As you said, mental issues. It seems a lot of youth players wearing the orange jersey are getting into disciplinary trouble. Is there enough focus on this aspect?
DB: “This has my special attention. I am part of a working committee focused on this and on defending. Our development programs are still world class in the field of technical ability and tactics but we have lost ground in the mental and physical side of things. It is crucial. In every sport, very professional methods and programs and coaching is introduced, years ago already. Rugby, hockey, athletics, baseball, American football…you’d be surprised. But not in football. In Holland, people still ridicule mental coaches, we need to make some big steps here.”
The German national team uses mental coaches. When will we see this with Oranje?
DB: “It’s a very current debate. I believe in mental coaching, but in individual cases. I don’t think you want to create a one-size-fits-all culture. You need to work with the individual. What does it take to perform 100% twice a week. It’s tough. How do they process setbacks? Can they do a critical self analysis, etc etc. Now, this process is hit and miss. We hope it all works out. The best will float to the top, etc etc but we lose ground. There are many things we can do to streamline this.”
With today’s knowledge, what would you have done differently in the past year?
DB: “It’s easy to talk with hindsight. I do still support all my choices in player selections and substitutions. I subbed Huntelaar against Iceland, when Martins Indi got redcarded. We had to play with 10 man, we wouldn’t be able to dominate, so Huntelaar would be less relevant. I preferred fast players with depth. I still think that was the way to go, but obviously, if you don’t get the result, as a coach, you failed. Whatever your decision making. But if we would have turned the game around, people would have said “Great coaching!”.”
What needs to be the key word for Oranje in 2016?
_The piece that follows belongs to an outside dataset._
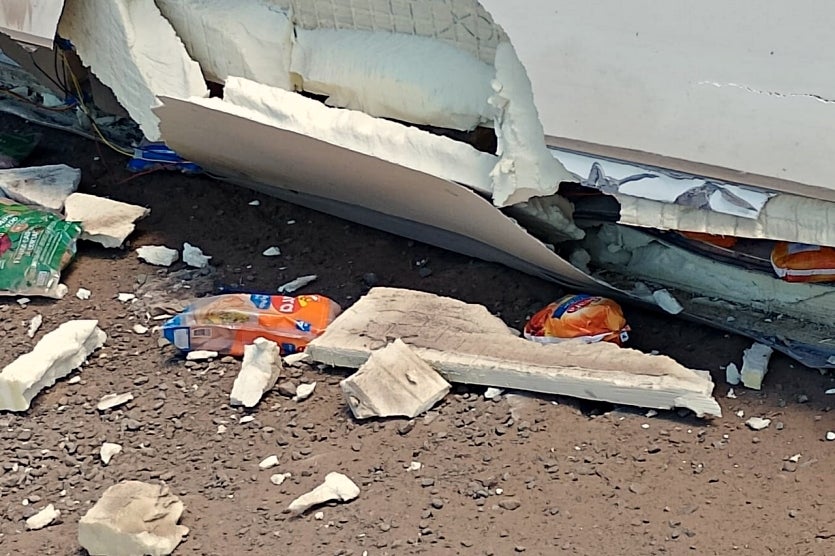 Colisão Entre Caminhão E Carro Na Pr 323 Deixa Uma Vítima Grave (2)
DB: “We need to become a team again. We need to cover up our vulnerabilities and perform in unity. This needs to happen off and on the pitch. With the conduct and responsibility and accountability that goes with it. At home against Iceland, that team spirit was there. I was quite happy, despite the loss of course. But against Turkey, we lost that unity, that spirit. We lost against Iceland due to the red card of Martins Indi, the injury of Robben and the mistake by Van der Wiel. But from a team perspective we did a lot of things right. Against Turkey, some players were more concerned with themselves. Now, we need to find that unity as we are in a tough qualification group. Sweden and France are very strong and both going to the Euros. We are not. Considering our current status, France is favorite for top spot. People see us as the number 2, but we will need to reposition ourselves internationally. And we need to abandon that Dutch School nonsense. We need to be pragmatic and realistic. As it will be tough enough without all that to qualify for the 2018 World Cup.”